Task details: Could you set down every entry exactly as it stands, without the images?

■ ■ ■

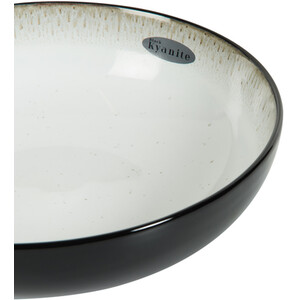 Black Kyanite Large Serving Bowl - Black and White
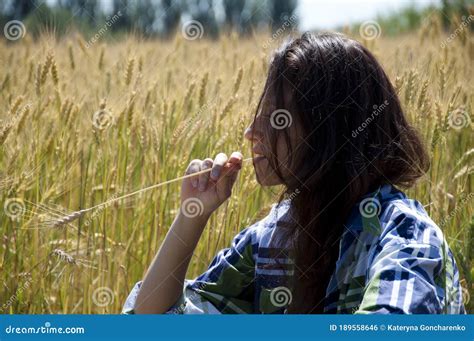 Girl Resting In Village Near Hay Young Girl On Ranch Woman Beautiful
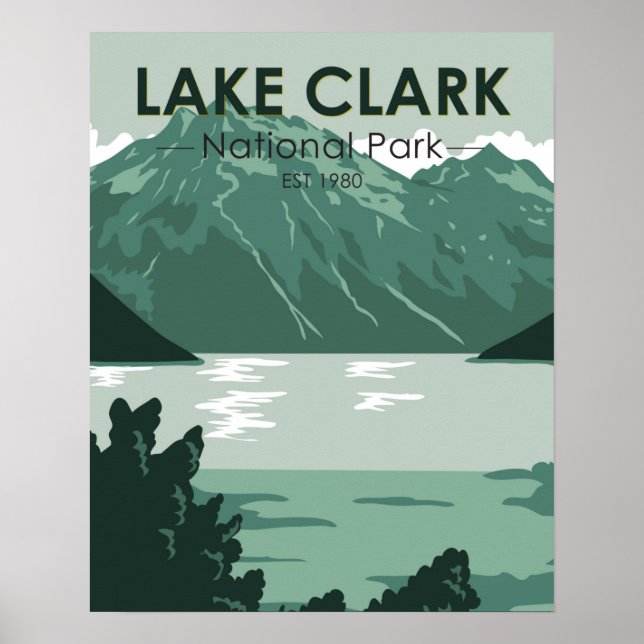 Poster Lago Clark National Park Alaska Vintage (Frente)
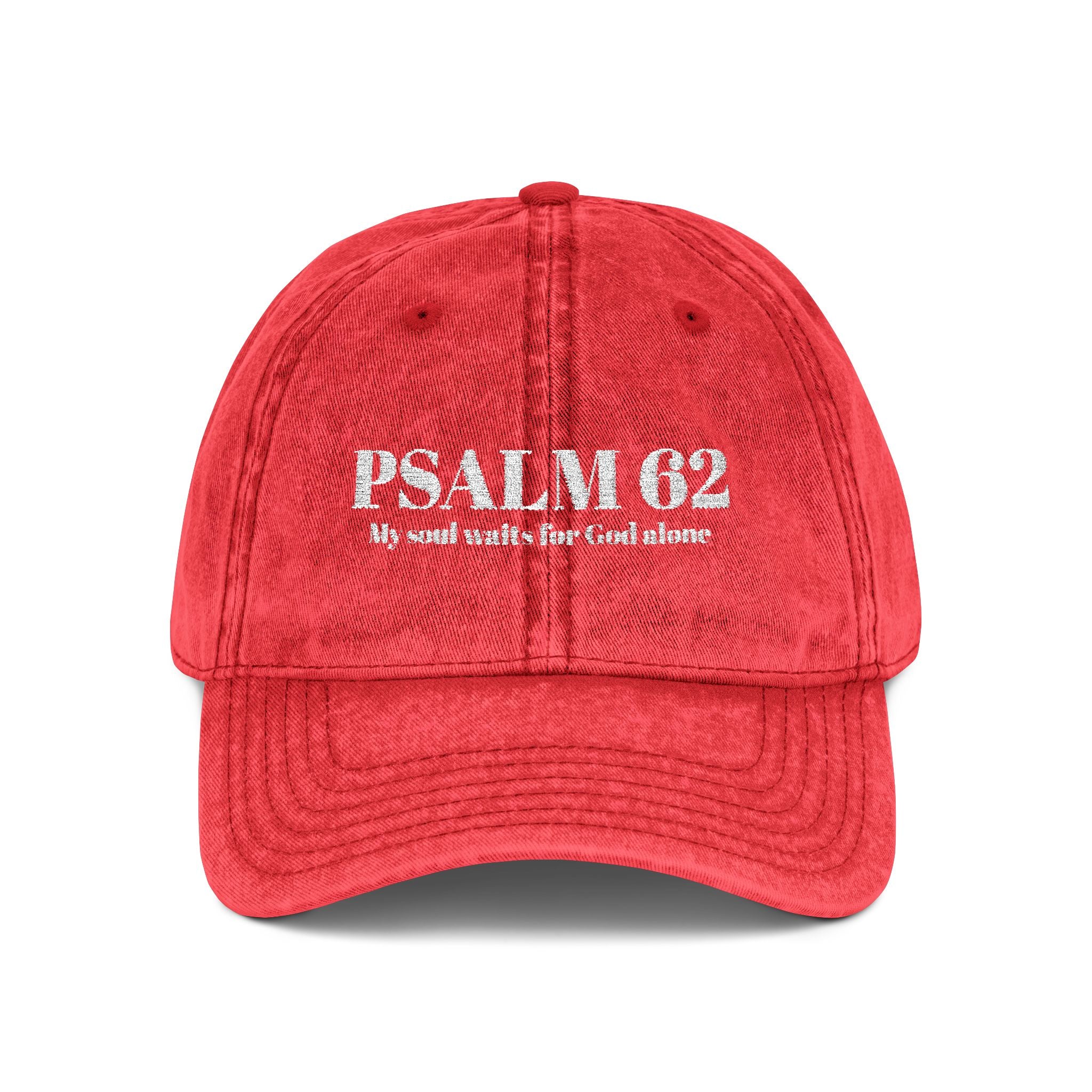 Psalm 62 Vintage Embroidered Cap – Distressed Faith Baseball Hat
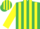 Silk - EMERALD GREEN & YELLOW STRIPES, yellow sleeves, striped cap
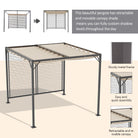 Outsunny 3 x 2.8m Metal Pergola, with Retractable Fabric Roof - Beige - anydaydirect
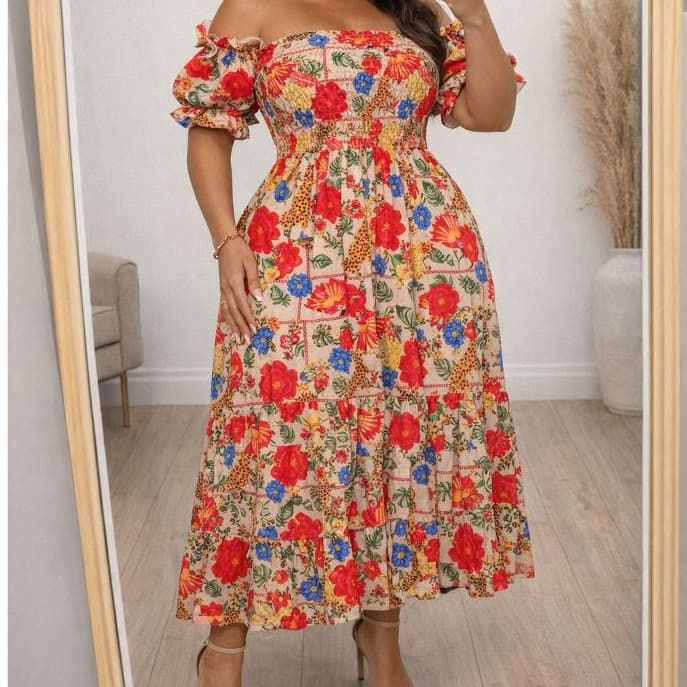 Vestido Longo Estampado Manga Ciganinha Lastex Feminino Soltinho Moda Casual Elegante Evangélica Festa Midi Casamento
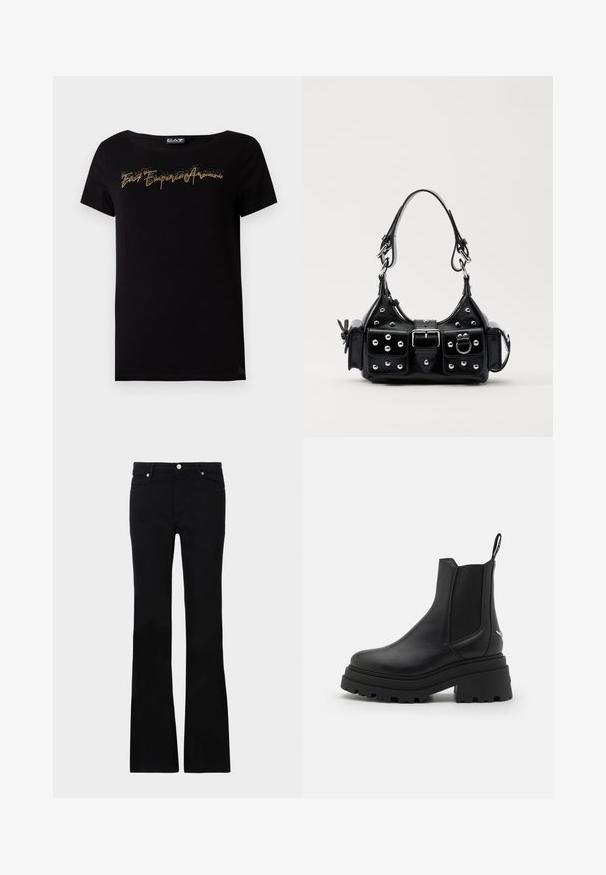 Tricou negru din bumbac cu decolteu rotund. Partea frontală prezintă un text cu sclipici auriu în stil caligrafic. Mâneci scurte și croială lejeră.; Blugi negri evazați din denim, care prezintă două buzunare frontale, o închidere cu buton și o textură netedă. Coaserea semnăturii vizibilă la cusături.; Bocanci Chelsea negri din piele netedă, cu panouri elastice pe laterale, o talpă groasă, adâncită din cauciuc și un mâner la spate.; Geantă de piele neagră cu un design curbat, dotată cu studuri argintii, o cataramă și două buzunare laterale. Curea ajustabilă pentru opțiuni de transport.
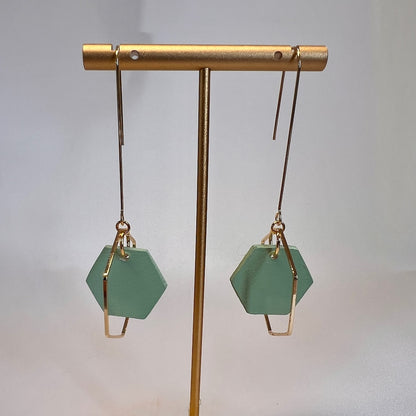 sea glass green hand painted wooden hexagon earrings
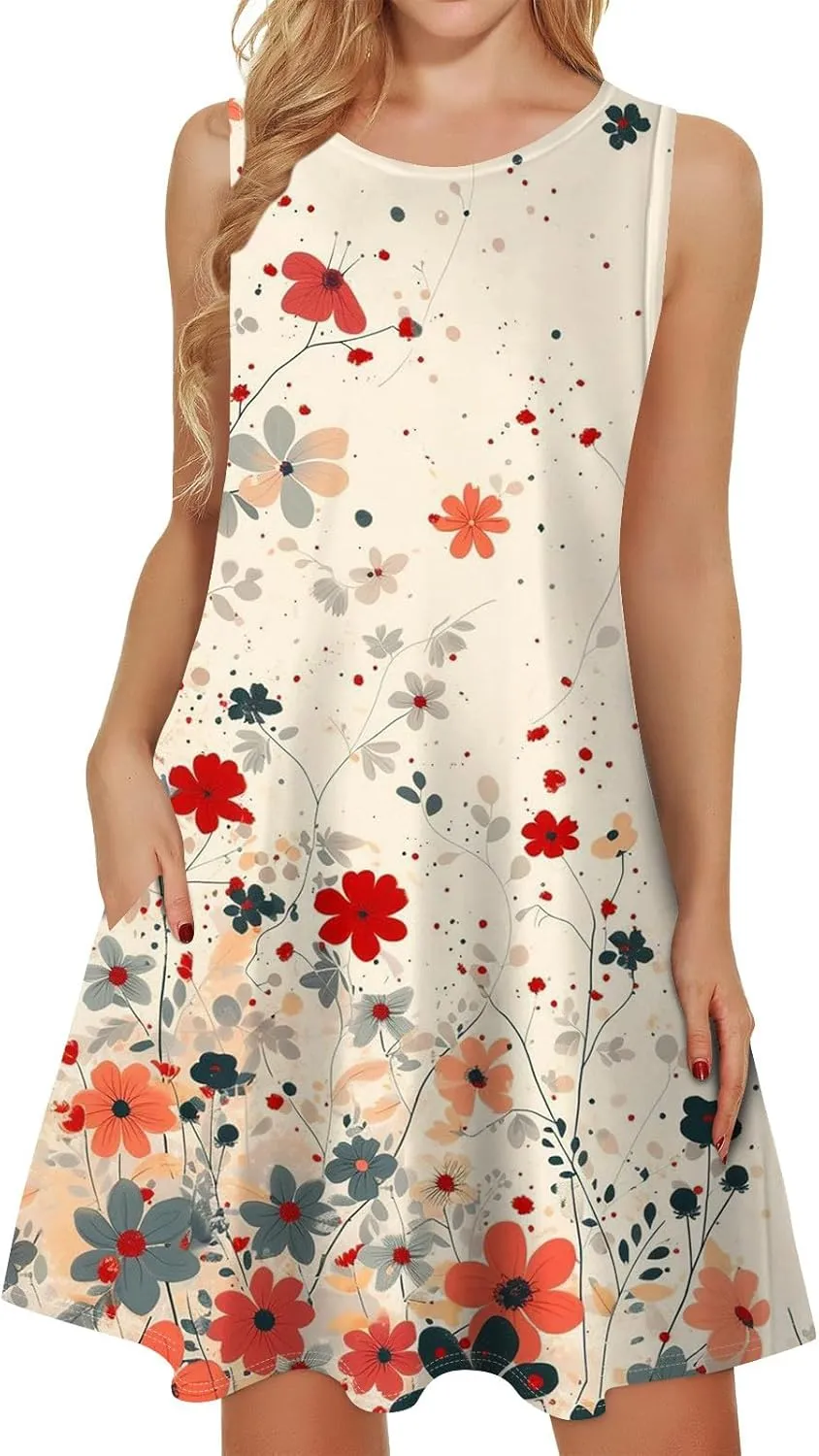 Womens Summer Dresses 2025 Loose Round Neck Boho Dress Beach Casual Sleeveless Floral Print Tank Sundress with Pockets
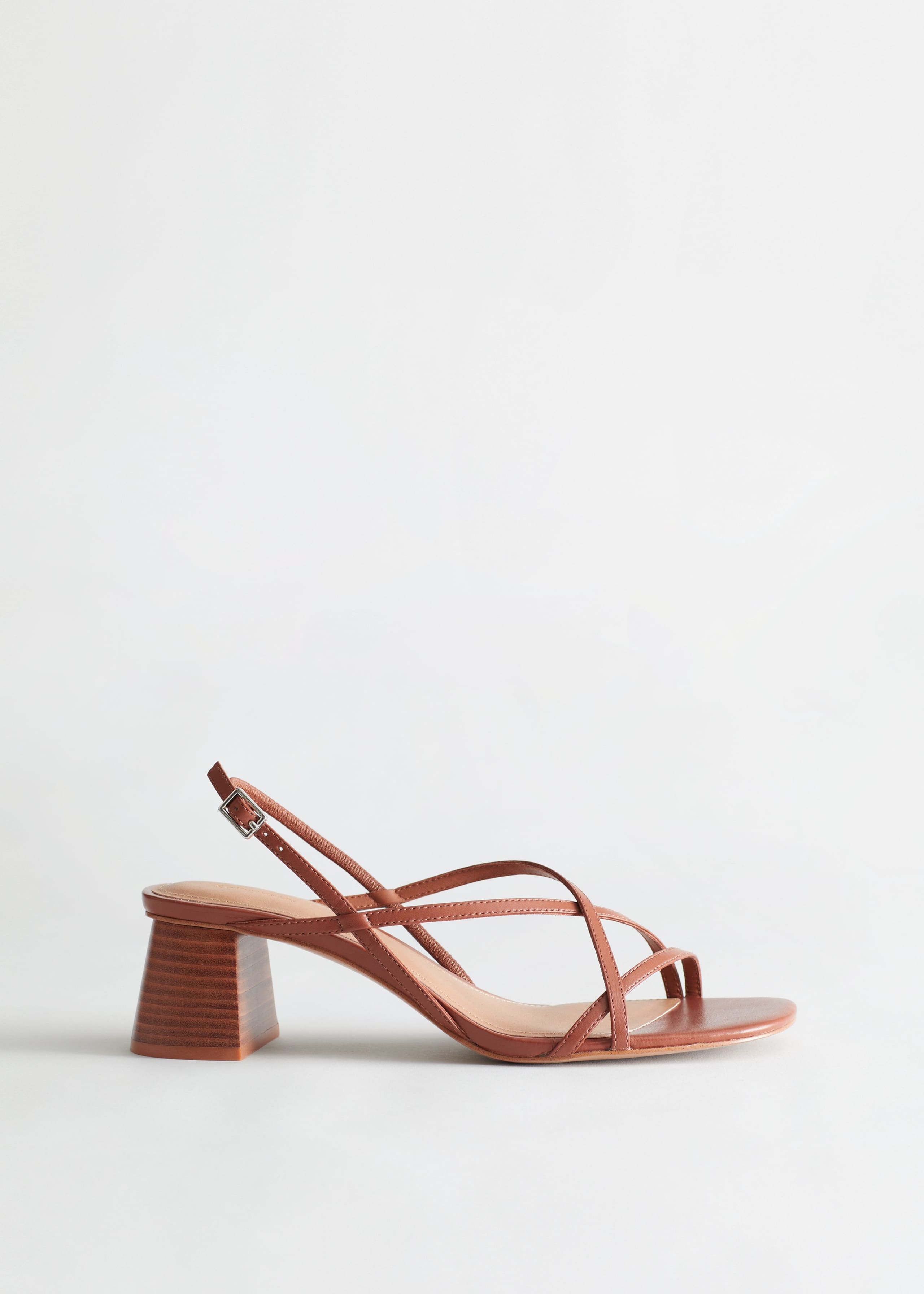 Image of Strappy Block Heel Leather Sandals
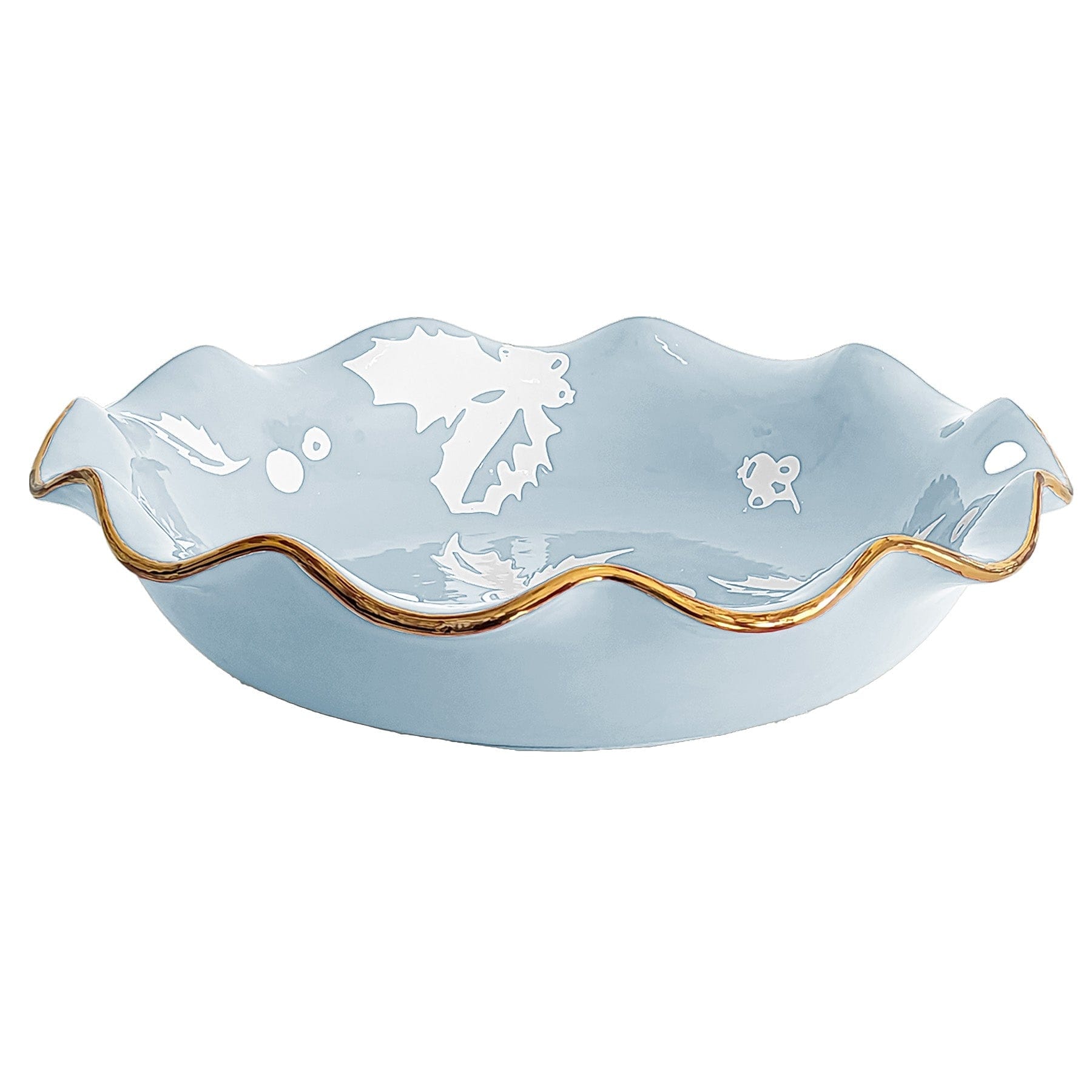 Ruby Clay Company Tray Deck the Halls Scalloped Bowls with 22K Gold Accent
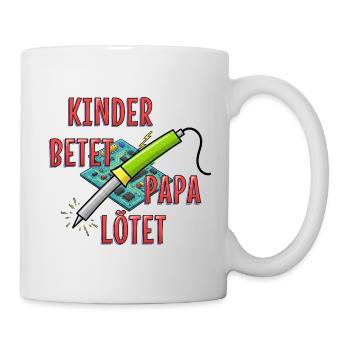 Children praying, dad soldering - Mug - white - Right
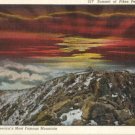 Summit of Pikes Peak at Sunrise   CO Postcard  Circa 1930s  #0236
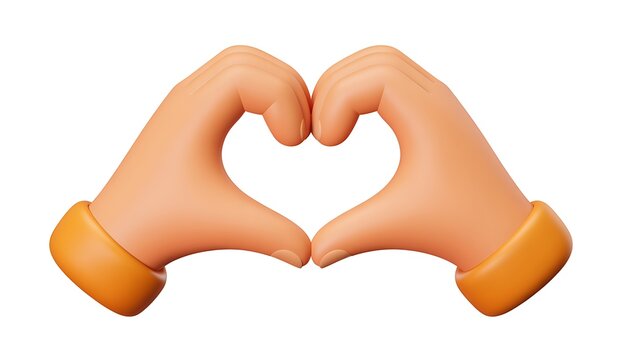 3D cartoon hands making a heart shape sign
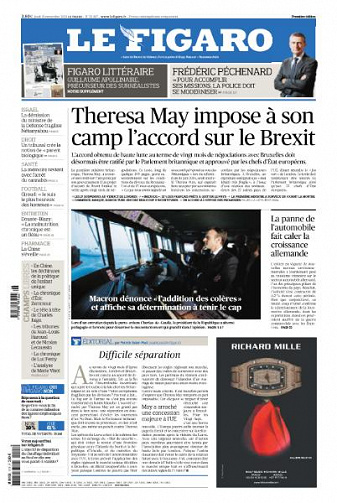 Le Figaro du Jeudi 15 Novembre 2018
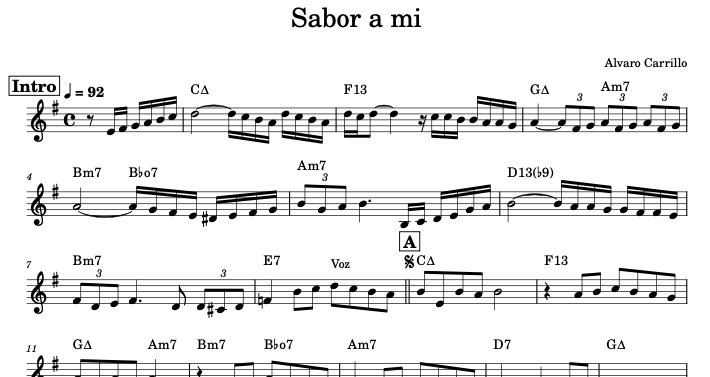 Sabor A Mi Partitura Lead Sheet Pdf Tutempo Academia Musical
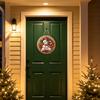 Christmas Wooden Hanging Sign with and Snowman - Holiday Door Decoration Ornament for Home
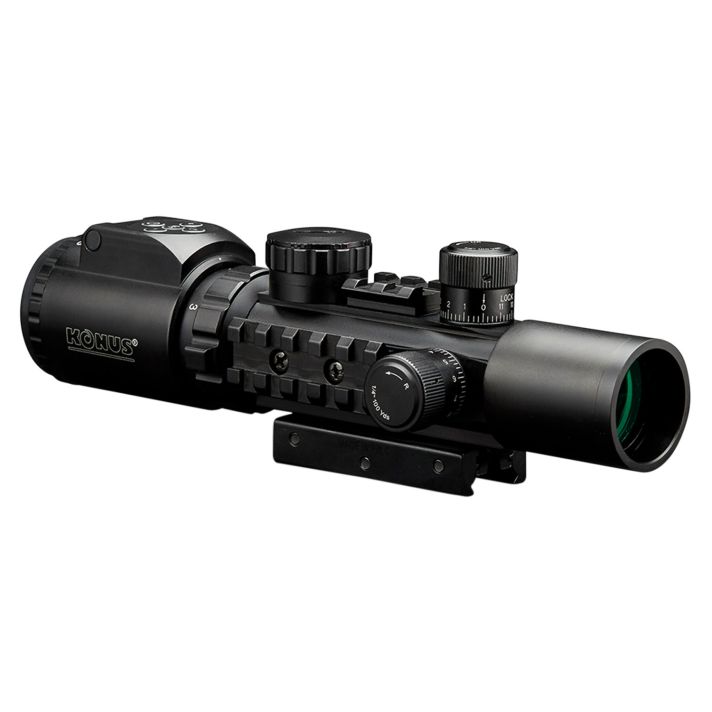 Konus 7170 KonusPro AS-34 Matte Black 2-6x28mm 34mm Tube Dual Illuminated Green/Red Engraved Mil-Dot Reticle Features Bubble Level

■ ■ ■

Task output:
 Black Kyanite Large Serving Bowl - Black and White
 Girl Resting In Village Near Hay Young Girl On Ranch Woman Beautiful
 Poster Lago Clark National Park Alaska Vintage (Frente)
 Psalm 62 Vintage Embroidered Cap – Distressed Faith Baseball Hat
 Silk - EMERALD GREEN & YELLOW STRIPES, yellow sleeves, striped cap
 Outsunny 3 x 2.8m Metal Pergola, with Retractable Fabric Roof - Beige - anydaydirect
 Vestido Longo Estampado Manga Ciganinha Lastex Feminino Soltinho Moda Casual Elegante Evangélica Festa Midi Casamento
 Tricou negru din bumbac cu decolteu rotund. Partea frontală prezintă un text cu sclipici auriu în stil caligrafic. Mâneci scurte și croială lejeră.; Blugi negri evazați din denim, care prezintă două buzunare frontale, o închidere cu buton și o textură netedă. Coaserea semnăturii vizibilă la cusături.; Bocanci Chelsea negri din piele netedă, cu panouri elastice pe laterale, o talpă groasă, adâncită din cauciuc și un mâner la spate.; Geantă de piele neagră cu un design curbat, dotată cu studuri argintii, o cataramă și două buzunare laterale. Curea ajustabilă pentru opțiuni de transport.
 sea glass green hand painted wooden hexagon earrings
 Womens Summer Dresses 2025 Loose Round Neck Boho Dress Beach Casual Sleeveless Floral Print Tank Sundress with Pockets
 Image of Strappy Block Heel Leather Sandals
 Ruby Clay Company Tray Deck the Halls Scalloped Bowls with 22K Gold Accent
 Children praying, dad soldering - Mug - white - Right
 Summit of Pikes Peak at Sunrise   CO Postcard  Circa 1930s  #0236
 3D cartoon hands making a heart shape sign
 Le Figaro du Jeudi 15 Novembre 2018
 Sabor A Mi Partitura Lead Sheet Pdf Tutempo Academia Musical
 Christmas Wooden Hanging Sign with and Snowman - Holiday Door Decoration Ornament for Home
 Konus 7170 KonusPro AS-34 Matte Black 2-6x28mm 34mm Tube Dual Illuminated Green/Red Engraved Mil-Dot Reticle Features Bubble Level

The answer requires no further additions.